So, as most of you may already know, I live in the Land Down Under.
A beautiful continent that boasts a wide spectrum of weather, sun and sand being our signature for the Summer season.
But being Down Under means our seasons are all topsy turvy in relation to the top half of the globe.
Hence, whilst the Northern Hemisphere is enjoying a solid dose of sultry summer sun, we’re inundated with wind, rain and a kind of cold that bites through your clothing and seeps into your bones. Not the kind of weather that inspires warmth and love and all that goes with it. Yet, I must say that there are times at the moment when I’ve never felt more loved or cherished.
Sounds weird, right?
Perhaps not after I explain.
A couple of months ago I was carting a heavy (VERY HEAVY) load of shopping down some stairs.
My foot slipped out from under me, I fell, the shopping in my right hand went one way and my body the other.
Unfortunately when the shopping jerked back, it took my thumb with it. I’ll spare you the details, but suffice to say it was painful and debilitating and most inconvenient. I had several events booked in the next week, some that involved book signing. I couldn’t lose the use of my right hand.
So, I waited, hoping time would heal whatever had happened to my thumb.
It didn’t. So, eventually I trundled off to the doctor, had an x-ray and ultrasound, and discovered that I’d quite cleverly detached a tendon from a bone.
The only way this can be fixed is via surgery.
Double yay, me.
Again I had events coming up. I didn’t have time for surgery. I had a library panel and book signing.
A writing retreat.
I was attending RWA Australia’s annual conference, and for the first time I was presenting a workshop. I’d applied and booked the following year – missing out was not an option.
Luckily, I managed to schedule an operation for the day after I returned from conference – 3 months after the initial injury.
That’s three months of inconvenience and pain and partial use of my right hand.
Now, whilst this diatribe might sound like a moan session, and as far away from a display of love as it can be, it’s actually not. You see, it’s times like these when the beautiful people come out and show themselves.
Friends who pop over and help out and offer assistance in case you need it (and even if you don’t). A good friend who offered to drive over an hour and a half out of her way so that I could make it to our monthly writing meeting. Another two who – on two separate occasions – drove from the other side of Melbourne to meet me for coffee and then offered to chauffeur me around to do the things I couldn’t do now I can’t drive.
Family who step in and take over the mundane tasks that we all do without second thought until we can’t.
The four men in my life – one big, three small – have been the best.
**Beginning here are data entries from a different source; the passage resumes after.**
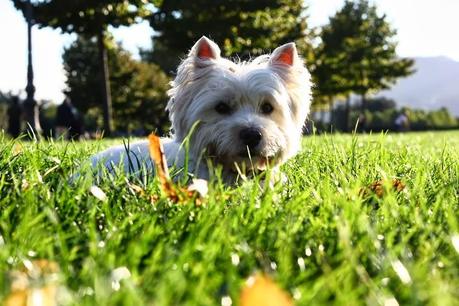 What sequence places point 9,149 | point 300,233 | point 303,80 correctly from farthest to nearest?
point 303,80 < point 9,149 < point 300,233

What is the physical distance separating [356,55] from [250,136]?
51.9 meters

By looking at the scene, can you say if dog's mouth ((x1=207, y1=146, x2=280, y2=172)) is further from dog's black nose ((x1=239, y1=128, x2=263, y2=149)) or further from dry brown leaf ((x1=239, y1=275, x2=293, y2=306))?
dry brown leaf ((x1=239, y1=275, x2=293, y2=306))

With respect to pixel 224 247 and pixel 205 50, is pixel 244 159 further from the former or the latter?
pixel 224 247

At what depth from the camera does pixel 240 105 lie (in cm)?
433

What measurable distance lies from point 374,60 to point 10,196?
56.7 m

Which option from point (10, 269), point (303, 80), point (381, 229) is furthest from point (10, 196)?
point (303, 80)

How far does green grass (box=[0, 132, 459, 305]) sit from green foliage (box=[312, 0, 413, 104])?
46.7 m

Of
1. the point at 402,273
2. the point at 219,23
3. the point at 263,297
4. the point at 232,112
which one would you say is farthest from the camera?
the point at 219,23

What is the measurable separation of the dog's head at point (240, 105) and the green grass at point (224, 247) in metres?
1.32

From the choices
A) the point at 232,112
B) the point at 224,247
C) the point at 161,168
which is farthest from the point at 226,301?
the point at 232,112

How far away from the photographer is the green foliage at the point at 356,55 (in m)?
50.3

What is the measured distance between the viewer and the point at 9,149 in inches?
137

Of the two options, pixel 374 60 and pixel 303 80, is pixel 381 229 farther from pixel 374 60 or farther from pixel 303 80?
pixel 374 60

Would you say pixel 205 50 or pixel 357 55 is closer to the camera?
pixel 205 50
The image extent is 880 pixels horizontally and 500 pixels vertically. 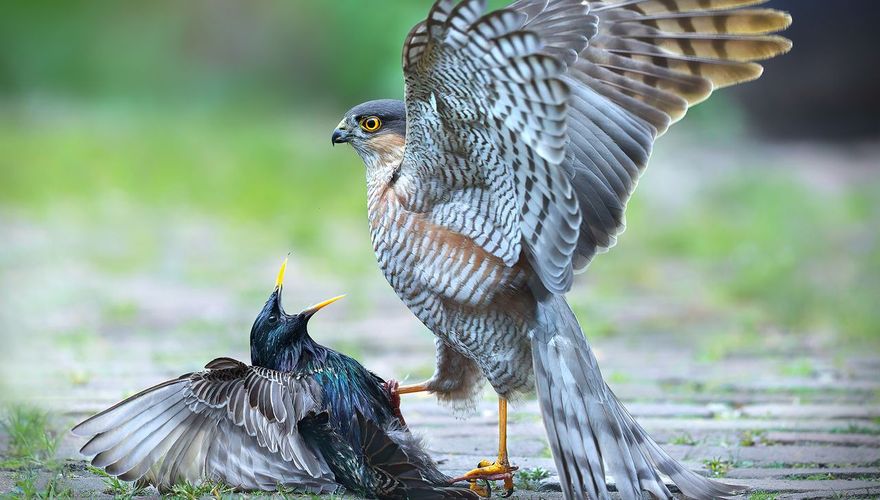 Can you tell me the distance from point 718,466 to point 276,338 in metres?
1.75

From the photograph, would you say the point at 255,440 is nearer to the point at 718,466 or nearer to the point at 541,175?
the point at 541,175

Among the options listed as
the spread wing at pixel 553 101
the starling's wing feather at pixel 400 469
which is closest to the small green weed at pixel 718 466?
the spread wing at pixel 553 101

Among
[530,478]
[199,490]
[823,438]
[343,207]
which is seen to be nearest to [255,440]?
[199,490]

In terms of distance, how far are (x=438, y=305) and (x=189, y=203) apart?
7497 millimetres

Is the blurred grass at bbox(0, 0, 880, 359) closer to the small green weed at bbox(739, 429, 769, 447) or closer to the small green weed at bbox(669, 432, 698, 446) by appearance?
the small green weed at bbox(739, 429, 769, 447)

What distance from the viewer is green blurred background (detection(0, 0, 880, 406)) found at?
7211mm

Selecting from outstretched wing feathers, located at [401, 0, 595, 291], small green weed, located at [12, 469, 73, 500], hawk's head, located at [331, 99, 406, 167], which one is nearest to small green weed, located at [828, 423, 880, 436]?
outstretched wing feathers, located at [401, 0, 595, 291]

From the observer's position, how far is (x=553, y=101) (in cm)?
349

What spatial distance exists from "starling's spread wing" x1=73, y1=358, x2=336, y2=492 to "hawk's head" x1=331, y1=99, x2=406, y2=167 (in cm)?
116

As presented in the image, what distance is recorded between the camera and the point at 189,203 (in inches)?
442

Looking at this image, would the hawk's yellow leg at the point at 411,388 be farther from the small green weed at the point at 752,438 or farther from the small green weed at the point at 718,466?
the small green weed at the point at 752,438

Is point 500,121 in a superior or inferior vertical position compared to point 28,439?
superior

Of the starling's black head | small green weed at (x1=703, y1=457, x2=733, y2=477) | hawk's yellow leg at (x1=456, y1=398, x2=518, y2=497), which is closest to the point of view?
hawk's yellow leg at (x1=456, y1=398, x2=518, y2=497)

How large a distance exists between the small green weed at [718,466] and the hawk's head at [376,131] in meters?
1.73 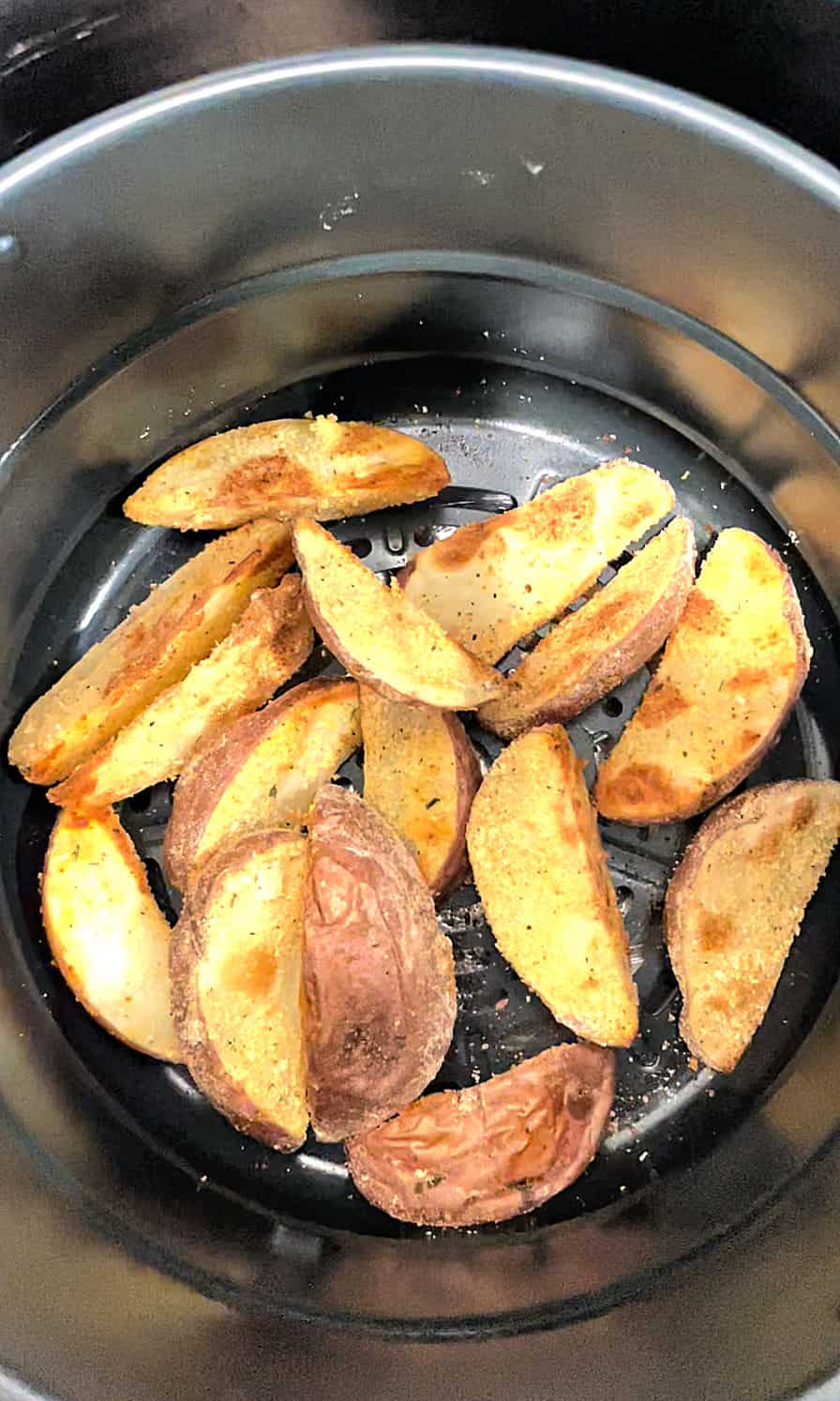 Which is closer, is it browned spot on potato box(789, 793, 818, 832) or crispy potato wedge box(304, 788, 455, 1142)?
crispy potato wedge box(304, 788, 455, 1142)

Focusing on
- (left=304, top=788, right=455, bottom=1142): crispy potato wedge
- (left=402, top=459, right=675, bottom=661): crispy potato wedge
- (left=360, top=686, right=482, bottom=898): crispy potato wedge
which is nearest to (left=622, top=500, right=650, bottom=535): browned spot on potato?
(left=402, top=459, right=675, bottom=661): crispy potato wedge

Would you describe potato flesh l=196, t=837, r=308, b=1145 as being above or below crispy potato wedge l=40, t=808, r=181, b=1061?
below

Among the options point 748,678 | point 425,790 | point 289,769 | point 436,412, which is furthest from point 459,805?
point 436,412

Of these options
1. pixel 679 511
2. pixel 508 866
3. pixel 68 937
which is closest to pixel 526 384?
pixel 679 511

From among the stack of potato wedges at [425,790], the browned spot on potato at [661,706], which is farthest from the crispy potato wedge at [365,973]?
the browned spot on potato at [661,706]

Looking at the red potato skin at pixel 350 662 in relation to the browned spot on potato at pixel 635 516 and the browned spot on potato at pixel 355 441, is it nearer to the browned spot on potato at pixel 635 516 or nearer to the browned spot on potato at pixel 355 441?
the browned spot on potato at pixel 355 441

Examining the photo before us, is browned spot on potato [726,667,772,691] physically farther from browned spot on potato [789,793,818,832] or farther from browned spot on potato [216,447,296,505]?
browned spot on potato [216,447,296,505] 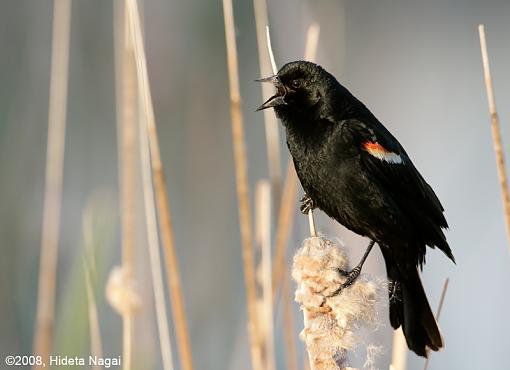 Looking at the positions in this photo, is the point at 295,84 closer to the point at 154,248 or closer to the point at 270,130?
the point at 270,130

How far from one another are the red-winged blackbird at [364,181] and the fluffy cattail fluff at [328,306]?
346 mm

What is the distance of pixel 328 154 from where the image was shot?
6.66 feet

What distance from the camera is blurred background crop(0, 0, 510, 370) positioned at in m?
2.73

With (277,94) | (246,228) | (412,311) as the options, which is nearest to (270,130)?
(277,94)

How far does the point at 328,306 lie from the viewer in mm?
1634

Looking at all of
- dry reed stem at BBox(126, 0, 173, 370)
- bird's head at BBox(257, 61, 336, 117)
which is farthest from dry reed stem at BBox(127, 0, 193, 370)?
bird's head at BBox(257, 61, 336, 117)

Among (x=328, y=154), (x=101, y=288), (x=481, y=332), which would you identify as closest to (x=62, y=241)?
(x=101, y=288)

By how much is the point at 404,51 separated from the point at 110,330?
8.05ft

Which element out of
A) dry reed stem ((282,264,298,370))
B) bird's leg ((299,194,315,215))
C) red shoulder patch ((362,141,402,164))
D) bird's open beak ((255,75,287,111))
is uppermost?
bird's open beak ((255,75,287,111))

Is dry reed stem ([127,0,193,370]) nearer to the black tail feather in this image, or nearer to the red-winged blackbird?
the red-winged blackbird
My husband is my lifeline.
Despite running two full time businesses, hubby has donned so many other hats these past weeks. Where he finds the energy and time I have no idea. But he does – and it’s without comment or complaint. He’s the sole taxi driver to our three very busy, very over-committed boys – taekwondo, soccer, football, piano, cubs, scouts . . . you name it, they’re doing it! He’s helping out with the housework. He’s understanding when there’s nothing but pasta or takeout for dinner. He’s pretty much Superman without the tights.
My kids have really stepped up. I have three boys, aged 13, 12 and 10.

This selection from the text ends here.